You recycle glass bottles and newspapers. You bought a canvas grocery tote to replace plastic bags. You drive a hybrid vehicle. Yet every time you purchase over-the counter and prescription medication, you are most likely contributing to the contamination of our national water supply—and you never even knew it.
In 2007 a study sponsored by the U.S. Fish and Wildlife Service and the American Pharmacists Association found that many public water supplies around the U.S. were contaminated with pharmaceuticals.
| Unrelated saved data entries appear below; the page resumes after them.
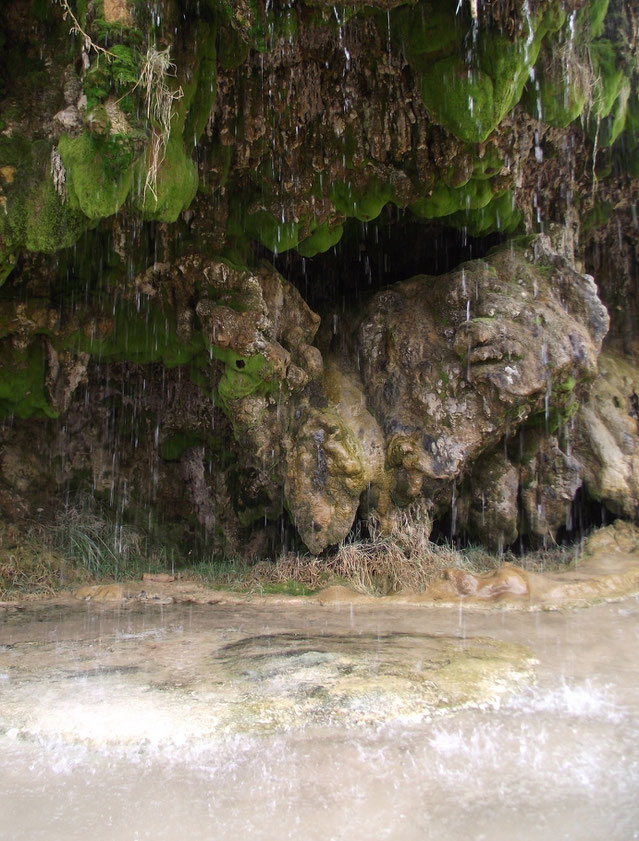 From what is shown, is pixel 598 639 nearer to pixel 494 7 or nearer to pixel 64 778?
pixel 64 778

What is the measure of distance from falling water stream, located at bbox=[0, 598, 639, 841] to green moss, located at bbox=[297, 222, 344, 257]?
382 cm

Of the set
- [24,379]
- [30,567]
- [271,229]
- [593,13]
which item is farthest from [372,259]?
[30,567]

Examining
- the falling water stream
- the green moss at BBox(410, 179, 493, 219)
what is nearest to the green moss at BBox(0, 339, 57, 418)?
the falling water stream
A study of Lake Michigan water samples found traces of ibuprofen, Tylenol, beta blockers from heart medication and birth-control pill hormones. An examination of treated drinking water in the Grand Rapids, MI area contained the anti-seizure medication carbamazepine.
Medications get into the water supply every time we throw medication in the trash or flush it down the toilet.
Researchers acknowledged that at this time, the drugs found in water samples were measured in parts per trillion, and were not considered to be a threat to human consumption. However, these scientists also agreed that no one knows the dangers associated with being exposed to low dose medications over a lifetime.
The aquatic life in these lakes and streams are not as fortunate. Already scientists have discovered male fish that grew female ovarian tissue due to their long-term exposure to birth-control hormones in the water. Here’s a bigger question, are we eating these fish?
Consumers are advised to be warned about taking medication. Not only could you hurt your body with unforeseen side effects, but your demand for these medications will be taking a toll on the environment.
Give your body, and your water supply, a “going green” makeover. Treat your health concerns naturally—through chiropractic adjustments and a healthy diet. It’s that simple.